2.使Bob走过一个距离的要花的时间减1

问Bob在每个服务站如何选择可以使自己最快到达路的另一端。

input

The first line contains three integers n, m and t, indicating the length of the road, the number of service stations, the time that Bob's car needs to move one unit length initially.
The second line contains m integers pi, indicating the distance from Bob's home to the ith station.
It is guaranteed that 1≤n≤10^9,0≤m≤10^5,1≤t<2^31,1≤pi−1<pi<n;

output

Print the answer in one line.

题解

智障首先想到了DP！
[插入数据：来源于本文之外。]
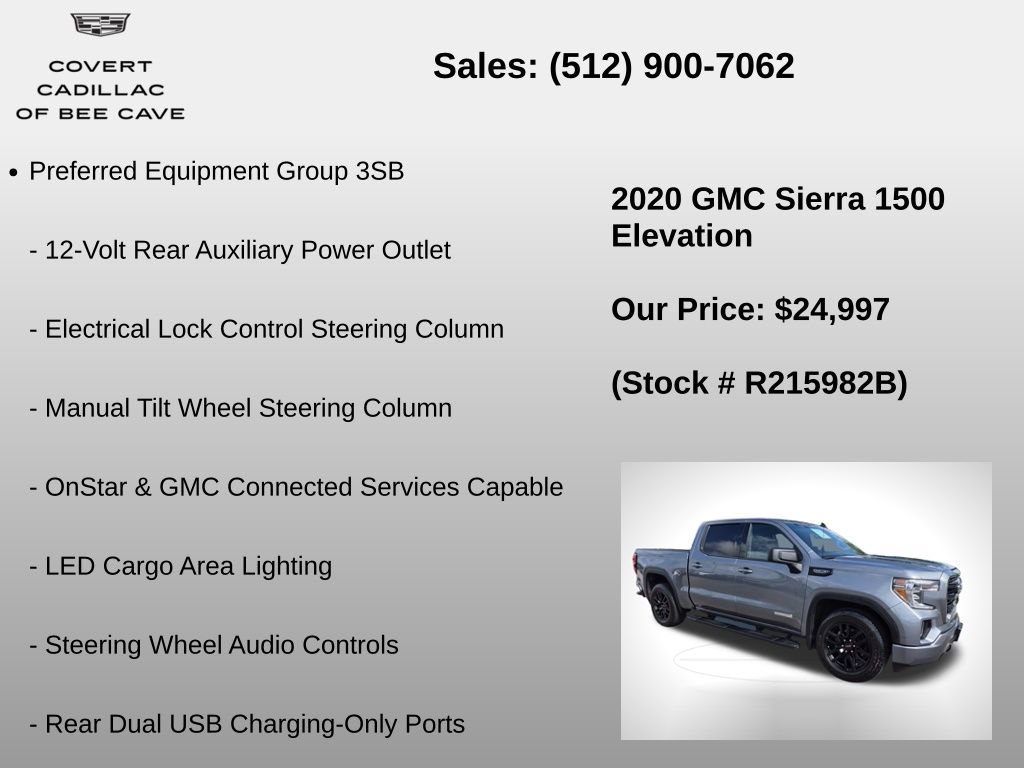 Used 2020 GMC Sierra 1500 Elevation w/ Elevation Value Package image 18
费劲心思优化之后得到了一个空间时间都是O（m2)的DP，显然是MLE和TLE一起来

后来发现可以贪心，因为假如要选择服务2，晚选不可能优于早选

接下来枚举选择服务2的次数就好

#include<bits/stdc++.h>

using namespace std;
const int maxn=1e5;
typedef long long LL;

LL dis[maxn+5];

int main(void)
{
	#ifdef ex
	freopen ("in.txt","r",stdin);
	#endif
	
	LL n,m,t;
	scanf("%lld%lld%lld",&n,&m,&t);
	
	for (int i=1;i<=m;++i)
	{
		scanf("%lld",&dis[i]);
	}
	dis[m+1]=n;
	dis[0]=0;
	
	LL sum=t*(n-m);
	LL ans=sum;
	for (int i=1;i<=m;++i)
	{
		LL t1=(n-dis[i]-(m-i+1))*t;
		LL t2=(n-dis[i]-(m-i))*(t-1);
		sum-=(t1-t2);
		--t;
		ans=min(ans,sum);
		if (t==0) break;
	}
	cout<<ans<<endl;
	//cout<<sum<<' '<<ans<<endl;
}